Red splotches on a leather leggin.A fine buck’s fresh blood stained the leggin’s top. Dark burgundy-colored spots, flung in a tussle with a young tom turkey a few days earlier, dotted the front of my linen hunting shirt. Reddish-brown blotches marked the shirt’s dirty hem-fringe. Assorted splashes, splatters and smears offered quiet testament to a host of fox squirrels, green-headed mallards and a cottontail rabbit brought to the table.

A resolute silence embraced the forest on that calm and peaceful evening of 1795. Not long before, my worn-out buffalo-hide moccasins stepped from the wagon trail’s west rut and bid farewell to future tribulations, those of November, in the Year of our Lord 2012.

A leaning red oak, a fallen poplar with hunks of its frayed bark suspended by wispy fibers, two dead and bare cedar trees and a thick tangle of rotting limbs, twigs and branches afforded respite in the Old Northwest Territory. I sat cross-legged on a wool blanket roll. My left shoulder touched the leaning oak’s rough bark. Charged with a ball, the trade gun rested across my leggins.

To my right, a gray squirrel whined and chirped in a not-so-far-off tree. Before me, down the hill’s steep west slope, the huckleberry swamp looked hazy and drab and impenetrable. Behind, over the ridge, a wild turkey chattered an emphatic protest that I interpreted as “How dare you get in my way!” On the leaning oak’s far side the yellow sun’s upper half peeked from behind the distant tree line. Overhead, the evening sky looked plain and ordinary, more grayish-white than ethereal blue, dashing hopes of a vivid orange and lavender sunset.

Looking down, I watched a small, cream-colored spider struggle to make its legs move as it climbed toward the fresh blood stain on my right leggin. The spider’s path seemed to weave from one stain to another, each earned from an honest attempt to relive the 18th-century hunter’s life.
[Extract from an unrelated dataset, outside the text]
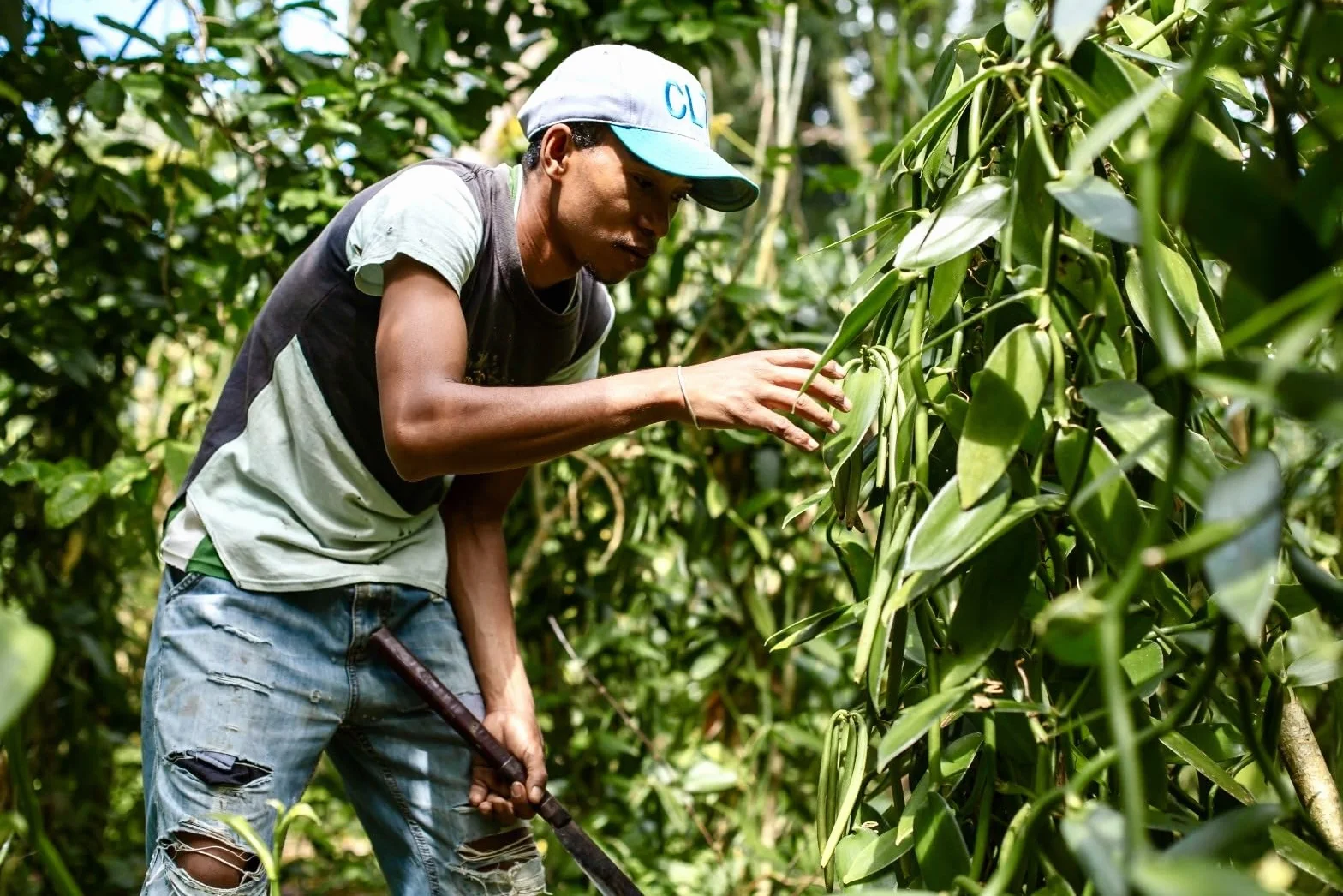 50 Gousses de Vanille Bourbon de Madagascar - 16-18 cm - Taille XL - Planifolia "Réserve Prestige" - Qualité Premium - Charnues et Aromatiques - 100% Naturelles - Idéal pour Pâtisseries et Desserts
Some evenings, the splendor of God’s smallest creatures brings a humble woodsman the greatest joy. In the solitude of my wilderness Eden, little happenings such as this tend to rekindle fond memories, whether of that day’s hunt or ones from long ago.

A Period-Correct Bloodstain

My son-in-law discovered the fresh blood on the leggin top after we dragged his buck from the woods. He was upset when he first saw the smear and apologized, offering to wash it off as he cleaned his hands with a handy wipe.

“Don’t give it another thought,” I said, “that stain is ‘period-correct,’ the unmistakable badge of a successful chase.” That was the first time my grandson, who is six, sat with his father in the deer woods.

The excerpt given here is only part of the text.